Leetcode 153. Find Minimum in Rotated Sorted Array

Suppose an array sorted in ascending order is rotated at some pivot unknown to you beforehand.

(i.e., [0,1,2,4,5,6,7] might become [4,5,6,7,0,1,2]).

Find the minimum element.

You may assume no duplicate exists in the array.

Example 1:

Input: [3,4,5,1,2] Output: 1

Example 2:

Input: [4,5,6,7,0,1,2] Output: 0

Difficulty:Medium

Category:

Analyze

这道题目给的输入有两种情况，有可能输入是旋转有序数组，也有可能是没有旋转的有序输入，这个可以通过比较最后一个元素与第一个元素的大小来判断， 如果第一个元素比最后一个元素小，那就说明这个输入的数组并没有旋转。反之，则表示输入的是一个旋转数组。

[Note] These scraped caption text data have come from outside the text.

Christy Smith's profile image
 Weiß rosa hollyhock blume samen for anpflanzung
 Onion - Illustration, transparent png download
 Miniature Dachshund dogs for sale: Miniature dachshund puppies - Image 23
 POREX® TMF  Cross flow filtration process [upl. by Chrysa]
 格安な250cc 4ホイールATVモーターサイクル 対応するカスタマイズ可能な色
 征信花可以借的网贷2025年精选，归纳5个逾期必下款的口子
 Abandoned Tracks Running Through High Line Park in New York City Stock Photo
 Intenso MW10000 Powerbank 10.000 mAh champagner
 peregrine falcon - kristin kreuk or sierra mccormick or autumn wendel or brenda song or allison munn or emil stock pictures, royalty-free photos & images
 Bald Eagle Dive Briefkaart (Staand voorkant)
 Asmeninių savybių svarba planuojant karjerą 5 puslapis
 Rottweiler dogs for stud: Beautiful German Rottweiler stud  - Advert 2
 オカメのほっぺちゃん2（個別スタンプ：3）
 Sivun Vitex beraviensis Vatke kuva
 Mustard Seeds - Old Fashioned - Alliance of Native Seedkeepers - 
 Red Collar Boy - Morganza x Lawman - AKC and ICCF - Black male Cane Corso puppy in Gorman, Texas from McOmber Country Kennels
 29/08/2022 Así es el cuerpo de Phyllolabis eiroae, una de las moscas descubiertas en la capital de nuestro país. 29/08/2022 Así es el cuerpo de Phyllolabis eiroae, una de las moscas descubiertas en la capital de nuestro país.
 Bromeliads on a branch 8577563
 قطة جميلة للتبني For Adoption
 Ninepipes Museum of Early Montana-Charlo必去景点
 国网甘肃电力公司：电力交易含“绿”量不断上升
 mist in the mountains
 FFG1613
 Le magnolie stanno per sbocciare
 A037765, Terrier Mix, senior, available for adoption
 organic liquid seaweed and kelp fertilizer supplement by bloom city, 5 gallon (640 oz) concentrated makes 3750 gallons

Cite: 花花酱 Leetcode 153. Find Minimum in Rotated Sorted Array

Solution

Binary Search

Time Complexity: O(log n), Space Complexity:O(1)

class Solution {
 public:
  int findMin(vector<int>& nums) {
    int left = 0, right = nums.size() - 1;
    if (nums[left] < nums[right]) return nums[0];

    while (left < right - 1) {
      int mid = left + (right - left) / 2;

      // If the mid value > left value, then move the right part search.
      if (nums[mid] > nums[left]) left = mid;
      else right = mid;
    }
    return min(nums[left], nums[right]);
  }
};

Solution 2: Divide and conquer

Time complexity: T(n) = O(1) + T(n/2) = O(log n)

class Solution {
 public:
  int findMin(vector<int>& num) { 
    return findMin(num, 0, num.size() - 1);
  }

 private:
  int findMin(const vector<int>& num, int l, int r) {
    // Only 1 or 2 elements
    if (l + 1 >= r) return min(num[l], num[r]);

    // Sorted
    if (num[l] < num[r]) return num[l];

    int mid = l + (r - l) / 2;
    return min(findMin(num, l, mid - 1), findMin(num, mid, r));
  }
};